Other information set forth in the report includes the following:

  • According to the report’s section on complaints, the CFPB handled approximately 81,500 debt collection complaints in 2018 (which was 3,000 less than in 2017 and 6,500 less than in 2016).  As in 2017, the most common complaint was about attempts to collect a debt that the consumer claimed was not owed (but with more such complaints involving identity theft than in 2017).  Also as in 2017, the second and third most common complaint issues were, respectively, written notifications about the debt and communication tactics.
  • In the report’s section on the CFPB’s supervision of debt collection activities engaged in by banks and nonbanks subject to CFPB supervision, the CFPB described only one type of FDCPA violation found by its examiners, a violation of the FDCPA requirement for a debt collector, upon receipt of a consumer’s written debt validation request, to cease collection until it obtains verification of the debt.  CFPB examiners found that one or more debt collectors routinely failed to mail verifications before engaging in further collection efforts.  Instead, the collectors forwarded the validation requests to their relevant clients, who mailed responses directly to consumers.  The collectors accepted their clients’ determinations (as reflected by a code entered by the client into a shared record system) that the debt was owed by the relevant consumer for the amount claimed without taking any steps to verify the debt and without mailing the required verification to consumers.  The collectors then continued collection activities in violation of the FDCPA.  (These examination findings appear to be taken from the Bureau’s Summer 2018 Supervisory Highlights.)
  • In 2018, the CFPB brought one new FDCPA action that resulted in the payment of a total of $800,000 civil money penalties.  The report lists five other pre-2018 FDCPA enforcement actions.  One of those actions is the Weltman case where a law firm defeated the lawsuit filed against it by the CFPB that alleged the law firm’s debt collection letters violated the FDCPA and CFPA.  The four other cases remain pending.

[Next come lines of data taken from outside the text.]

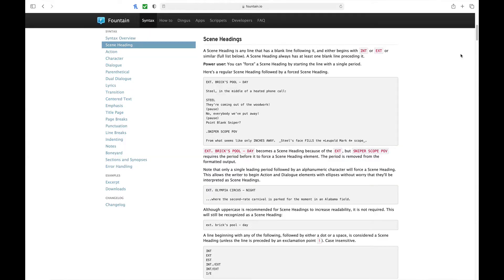Let's take a look at some of the basic Fountain syntax elements. Again, this document will be linked below. We're going to go through the basic five: scene headings, action, character, dialogue, and parentheticals. Most people don't use parentheticals very often, so at least the big four — scene headings, action, character, and dialogue. How do you format your writing using Fountain syntax to get the formatting right, for the most part?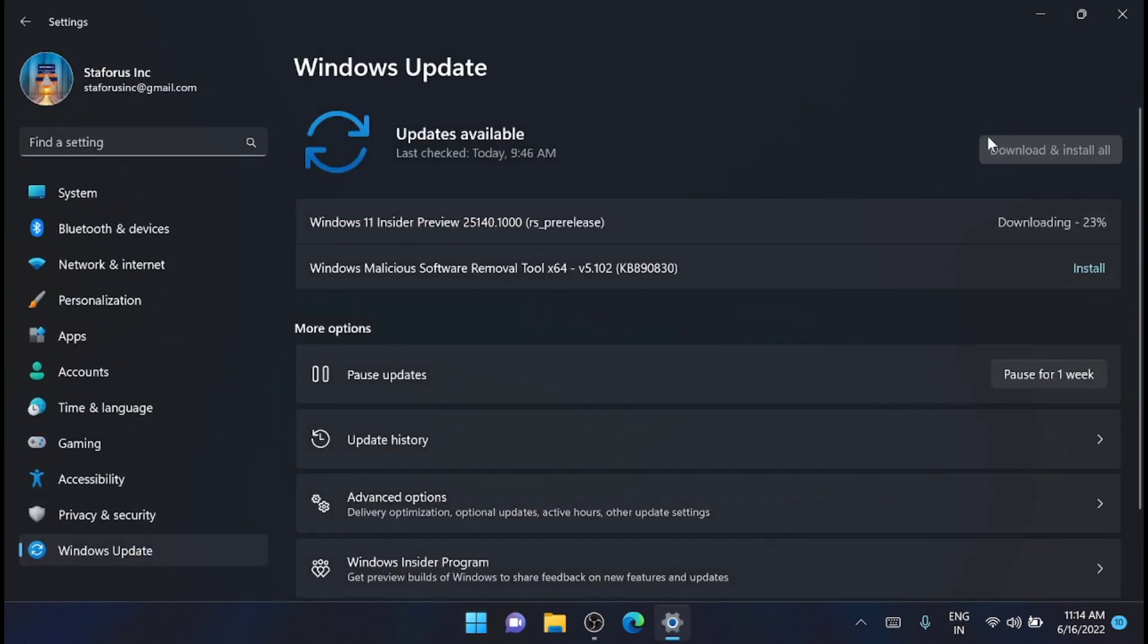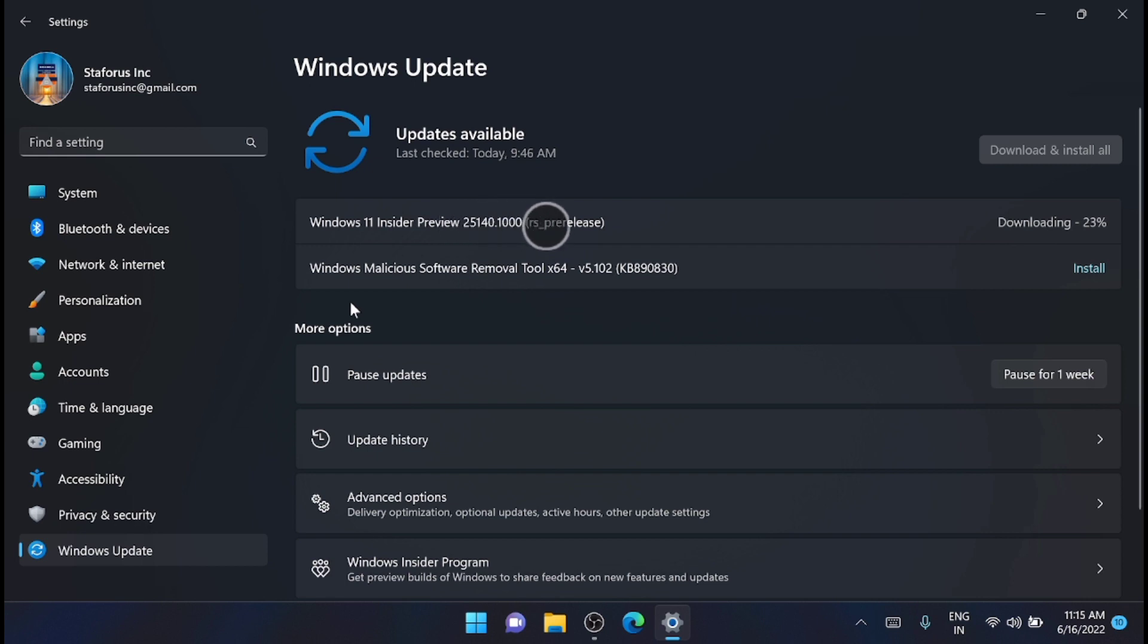When you click on the Update Available button, you will see the downloads available. Right now I am downloading the new build, that is 25140, and once that is completed, let's see what all are the changes.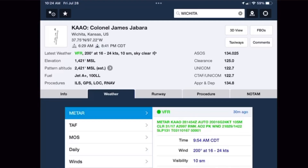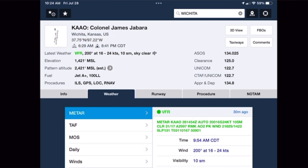Looking at ForeFlight, we see that sunset is at 8:41 p.m. and sunrise is at 6:29 a.m. Adding an hour to sunset and subtracting an hour from sunrise indicates that we'll need to do our takeoffs and landings between 9:41 p.m. and 5:29 a.m.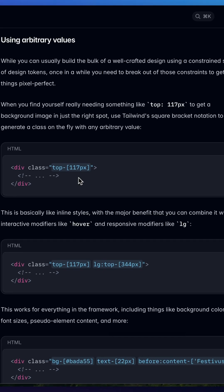You see, Tailwind CSS comes with a myriad of different utility classes that you can use, but sometimes you want to get a little more specific. And these brackets allow you to get pixel perfect.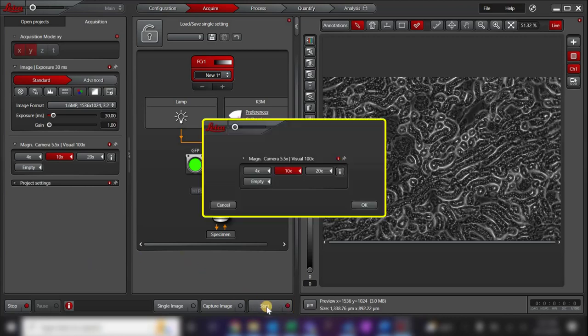The software will open a pop-up window to check that the correct objective is selected for the image. This will ensure that the pixel size is recorded accurately for drawing scale bars or measuring features in your image. In this case, the correct objective 10x is already selected, so I will click OK.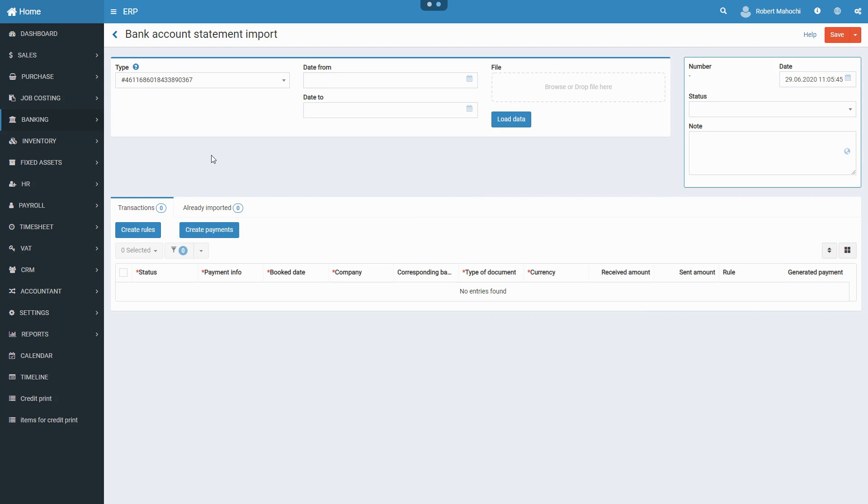In order to make the bank account reconciliation, you can import the bank account statement into the system. It is recommended to import the bank account statement from each of your banks once in a certain period. Depending on the intensity of transactions, it may be a day, a week, or a month.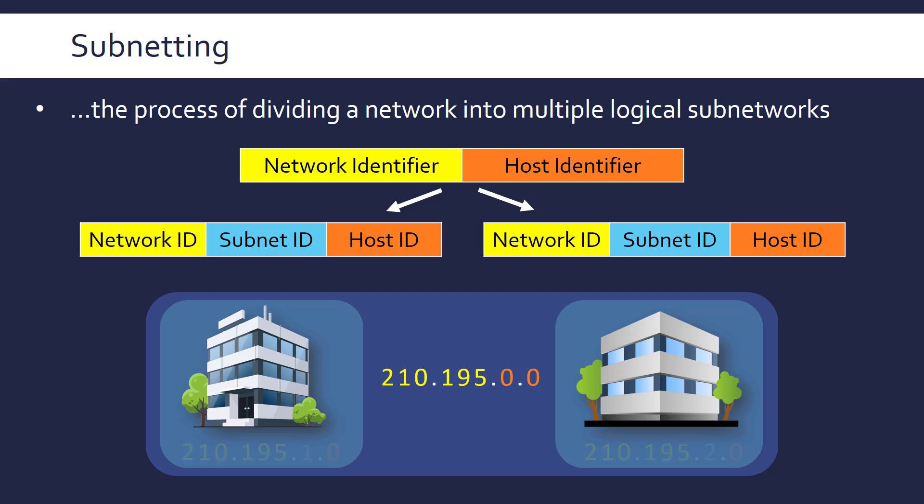So to be able to get a subnet ID we have to be able to take it out of our host ID part. We can't take it out of the network ID part because it would become a different network and we want these subnets to be within the larger network.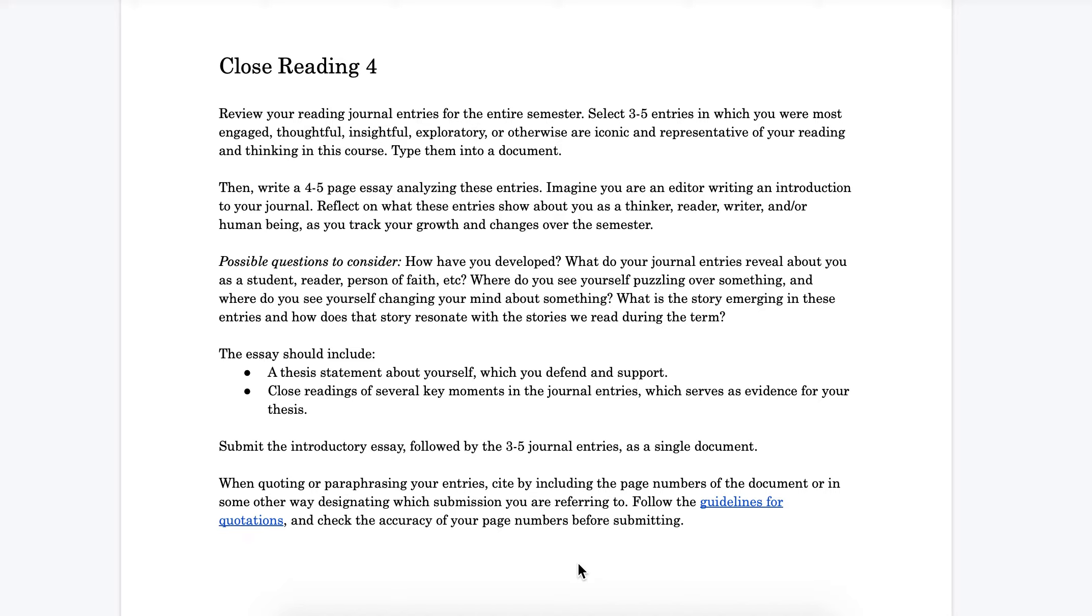Hello students, this is Brooks Lamp, the director of the writing program. I'm going to introduce to you this final close reading paper we're calling Close Reading 4, and I want to make a comment or two explaining what is going on in this assignment.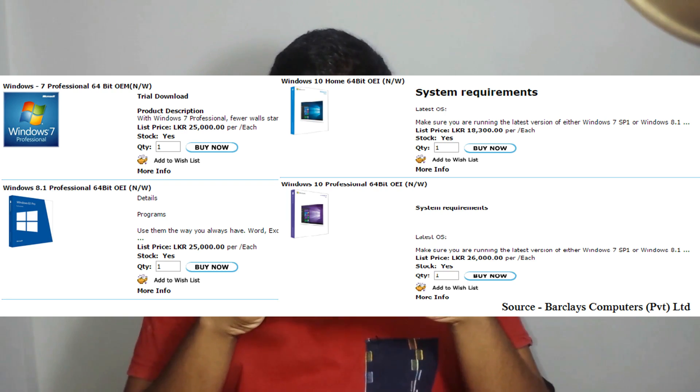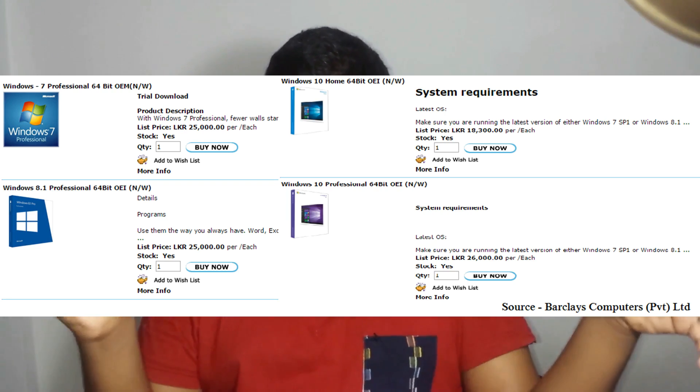You can use Windows as a free thing. You can use the original price of Windows. You can use the software.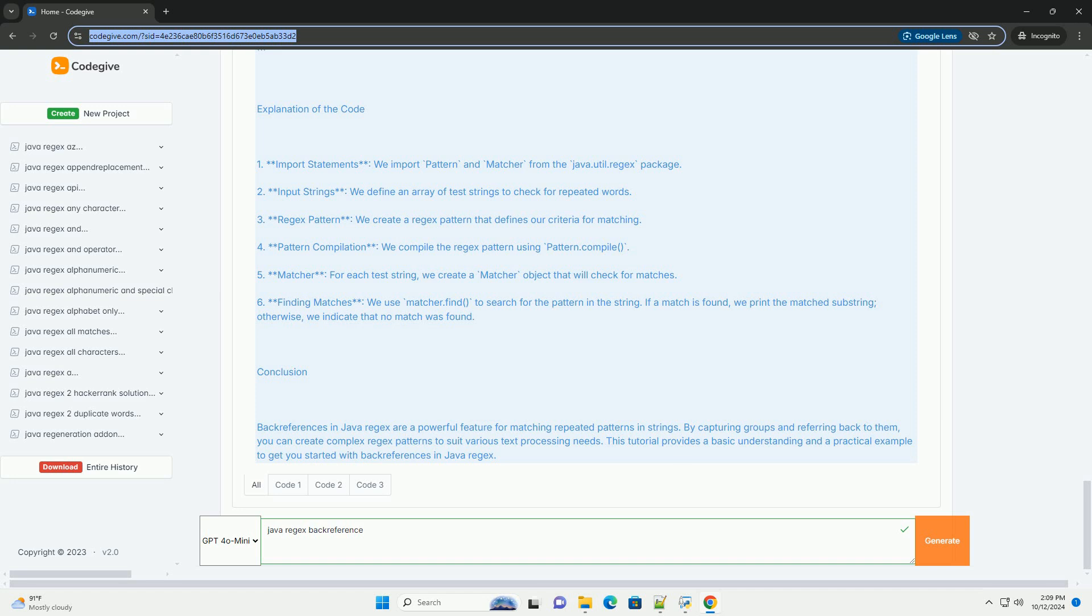Syntax: Parentheses define a capturing group. Backslash n refers to the nth capturing group in the regex pattern.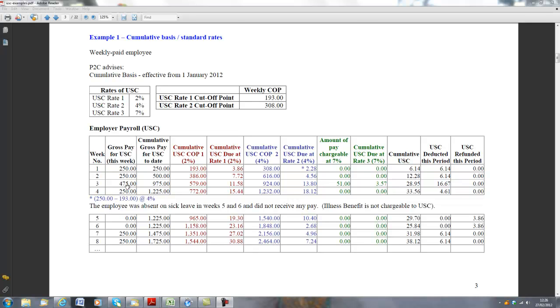Now look at week three. In week three, this employee's salary seems to have increased, because he's getting paid €475 in week three. The gross pay to date is now €975. That is €250 in week one, €250 in week two and €475 in week three. Once again, let's just look at the rates of USC that's going to be applicable to this particular week's pay.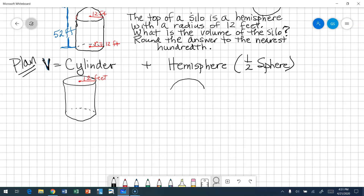The hemisphere is half of a circle. What do we know about that hemisphere? We know the radius is 12 feet. I drew the radius horizontally, but if this is half of a sphere, every radius on a sphere is the same — every point on the sphere is equidistant from the center. So if I drew a vertical radius, that vertical radius would also be 12 feet. So my radius here is 12 feet, and my radius on the cylinder is also 12 feet.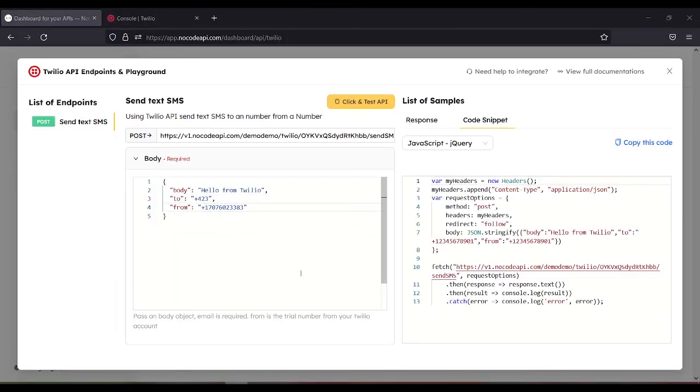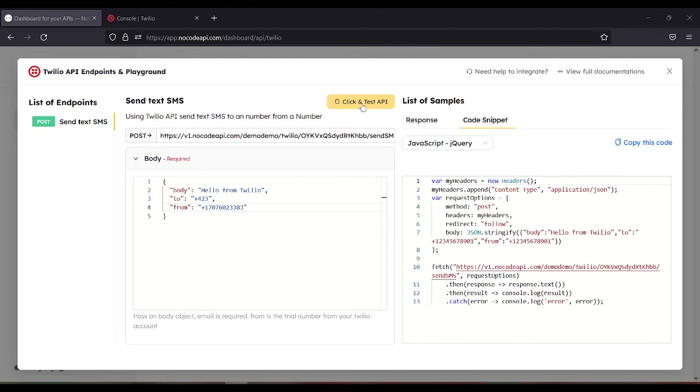After that, you just need to click test API. Then the response will appear, or the JSON data will appear. So that is how to use Twilio API with no code.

In 2018, the FTC brought or resolved seven debt collection cases, obtained more than $58.9 million in judgments, and permanently banned 32 companies or individuals from working in the debt collection industry.  In addition to the FTC’s enforcement actions involving “phantom debt collection,” the report describes three other FTC debt collection cases that were initiated or resolved in 2018.  One of these cases involved a debt collection business that alleged falsely threatened to have people arrested if their debts were not paid.  The two other cases were brought jointly with the New York Attorney General, with one case involving the alleged use of false threats and abusive language by the defendants and the other involving alleged demands by the defendants for more money than consumers allegedly owed.